Compito delle Autorità preposte è quello di vigilare sul rispetto delle norme in tema di concorrenza, dei dettami in tema di pubblicità e delle norme, per quanto
attiene più specificamente al settore degli alimenti e degli integratori alimentari, in tema di pretese salutistiche e nutrizionali nella presentazione dei prodotti.

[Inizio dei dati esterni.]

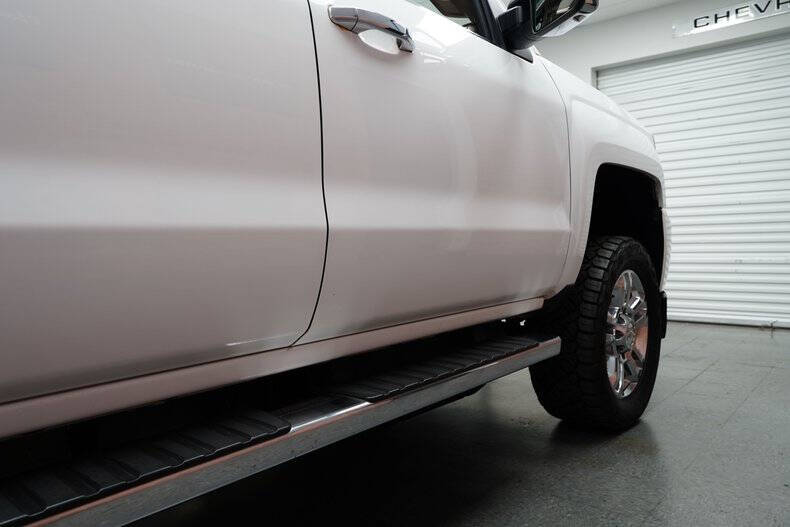 2017 Chevrolet Silverado 2500HD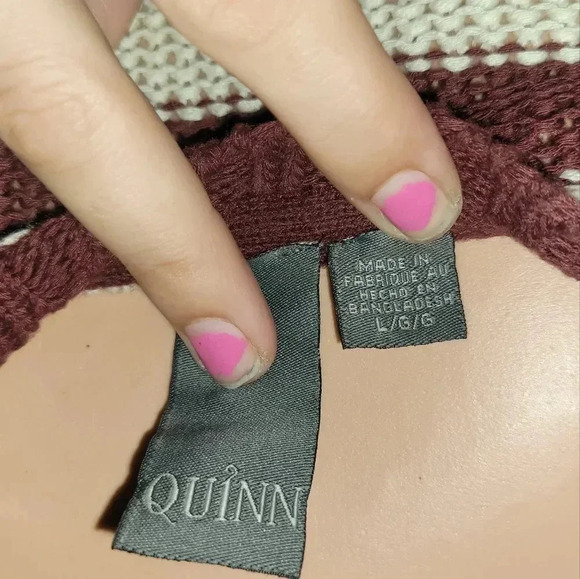 Quinn sweatshirt - Picture 3 of 3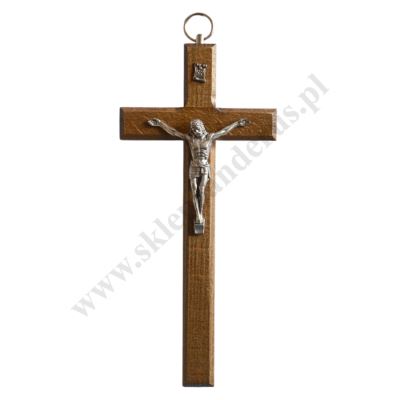 KRZYŻ - wys. 22 cm - 38810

A seguito dell’emanazione del Regolamento 1924/2006 Health & Nutrition Claims e del successivo Regolamento 432/2012 recante la lista delle pretese
salutistiche ammesse (diverse da quelle relative alla riduzione del rischio di malattia e concernenti i bambini) - conclude l’Avv. Giorgio Rusconi - diverse sono
state le pronunce dell’Autorità Garante della Concorrenza e del Mercato e dell’Istituto di Autodisciplina Pubblicitaria nell’ambito delle quali, per giudicare
l’ingannevolezza di un messaggio pubblicitario, sono stati presi in considerazione i criteri dettati dalla richiamata normativa.
Andiamo ora a comprendere come viene gestito il processo di valutazione e come vengono assunte le decisioni dell’antitrust per tutelare le aziende.

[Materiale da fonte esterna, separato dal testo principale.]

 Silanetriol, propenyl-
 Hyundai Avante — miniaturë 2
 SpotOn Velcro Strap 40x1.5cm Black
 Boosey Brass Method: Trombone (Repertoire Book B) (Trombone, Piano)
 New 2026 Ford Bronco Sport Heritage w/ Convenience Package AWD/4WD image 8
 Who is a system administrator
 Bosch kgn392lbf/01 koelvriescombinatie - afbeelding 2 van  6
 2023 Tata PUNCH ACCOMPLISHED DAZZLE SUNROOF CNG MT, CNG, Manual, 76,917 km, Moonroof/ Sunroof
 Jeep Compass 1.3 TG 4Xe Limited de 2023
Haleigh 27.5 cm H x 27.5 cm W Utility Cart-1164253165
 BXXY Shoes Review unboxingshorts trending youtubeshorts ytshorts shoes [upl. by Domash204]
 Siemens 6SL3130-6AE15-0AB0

L’Antitrust ha sin dall’entrata in vigore nel 2007 della disciplina sulle pratiche commerciali scorrette – che ha ampliato e sostituito nel rapporto business to
consumer quella del 1992 in materia di pubblicità ingannevole e comparativa tout court – è diventata un indubbio punto di riferimento per i consumatori nella
correzione di condotte illecite.
In particolare – spiega l’Avv. Massimo Maggiore – grazie al fatto che l’Autorità ha aperto le proprie porte alle segnalazioni dei consumatori, de-formalizzando il
processo: oggi può bastare una telefonata al numero verde dedicato per far aprire un procedimento. Inoltre l’Autorità tende in moltissimi casi e in maniera assai
efficace a utilizzare la richiesta di chiarimenti in fase preistruttoria (ossia prima dell’avvio di un procedimento formale di accertamento di infrazione), come
strumento esso stesso idoneo a far sì che nel dialogo con le imprese si possa chiarire un caso o correggere condotte potenzialmente lesive, senza procedere
con una istruttoria vera e propria. In questa ottica – prosegue l’Avv. Maggiore – l’antitrust fa ampio uso del potere di “moral suasion” previsto dal regolamento
delle procedure istruttorie, volto a far sì che l’impresa, nei casi meno gravi, elimini prontamente e senza accertamento formale i potenziali profili di illiceità.
È quindi solo nei casi più gravi – conclude l’Avv. Massimo Maggiore – che l’intervento dell’autorità sfocia nell’istruttoria piena, che in quanto tale fornisce anche i
parametri agli operatori per comprendere gli orientamenti applicativi. Le aziende, almeno quelle più strutturate e consumer oriented, si tutelano attraverso un
attento e costante screening da parte del legale (interno o esterno) dei messaggi promozionali. Si tratta nella mia esperienza di un dialogo fruttuoso tra funzione
marketing e funzione legale, perché spesso consente addirittura di rendere più efficace il messaggio, svincolandolo da quegli elementi potenzialmente subdoli o
poco chiari, che alla fine rischiano di macchiare, ben oltre le intenzioni delle aziende, l’immagine commerciale delle aziende stesse.